Pandangan Fazlur Rahman tentang Tuhan

Fazlur Rahman melihat pentingnya rumusan pandangan dunia (worldview) yang menyeluruh dan utuh sebagai landasan filosofis bagi metodologinya. Konsep Tuhan seperti dinyatakan di dalam Al-Quran bagi Fazlur Rahman pada dasarnya semata-mata adalah fungsional, yakni Tuhan dibutuhkan bukan karena siapa Dia atau bagaimana Dia, tetapi karena apa yang Dia lakukan.[i]

Gagasan Fazlur Rahman tentang Tuhan yang kemudian mewarnai berbagai pandangannya yang lain. Dalam pandangannya, Tuhanlah yang telah menciptakan manusia dan alam raya ini. Tuhan telah menjadikan alam dengan seperangkat aturannya yang dia sebut dengan istilah qadar. Qadar baginya bukanlah seperti apa yang dipahami oleh mayoritas para teolog (mutakallimun) sebagai ketentuan yang deterministik, mengikat serta membatasi kebebasan manusia, melainkan segala ketentuan yang ada pada alam ini, terutama benda-benda fisik. Qadar itulah yang memberikan karakteristik dan sifat khusus padanya.[ii]

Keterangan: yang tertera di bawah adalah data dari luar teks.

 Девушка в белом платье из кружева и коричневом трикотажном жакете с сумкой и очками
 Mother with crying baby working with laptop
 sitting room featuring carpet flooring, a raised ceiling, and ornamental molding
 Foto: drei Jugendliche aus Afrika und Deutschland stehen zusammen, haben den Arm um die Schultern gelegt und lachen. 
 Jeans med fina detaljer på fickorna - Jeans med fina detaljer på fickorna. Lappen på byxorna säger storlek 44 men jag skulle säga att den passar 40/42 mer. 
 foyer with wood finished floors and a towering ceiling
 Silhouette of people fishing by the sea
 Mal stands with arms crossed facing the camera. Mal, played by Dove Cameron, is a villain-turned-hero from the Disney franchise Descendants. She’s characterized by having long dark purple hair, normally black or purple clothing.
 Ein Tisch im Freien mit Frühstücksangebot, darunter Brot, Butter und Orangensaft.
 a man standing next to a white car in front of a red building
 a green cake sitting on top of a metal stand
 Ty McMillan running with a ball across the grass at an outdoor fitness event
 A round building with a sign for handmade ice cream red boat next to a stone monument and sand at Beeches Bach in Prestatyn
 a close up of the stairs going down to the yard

Selain itu, sudah merupakan anggapan umum bahwa Tuhan dalam Islam adalah transenden secara mutlak, hal ini terbukti dengan adanya penekanan tegas yang diberikan Islam terhadap pengesaan Tuhan, keagungan-Nya, kemuliaan-Nya, dan lain-lain. Akan tetapi, lanjut Fazlur Rahman, gambaran semacam ini tidak muncul dari Al-Quran, melainkan dari perkembangan teologi Islam belakangan.[iii] Bagi Rahman, Tuhan itu imanen (membumi), namun tentu saja imanensi Tuhan ini sedikit pun tidak berarti perbuatan-perbuatan yang dilakukan oleh alam atau manusia secara nyata dilakukan oleh Tuhan. Tuhan bukanlah saingan atau pengganti bagi manusia atau agen-agen alam dalam menghasilkan efek-efek, dan Dia tidak pula campur tangan dalam proses kerja mereka.[iv]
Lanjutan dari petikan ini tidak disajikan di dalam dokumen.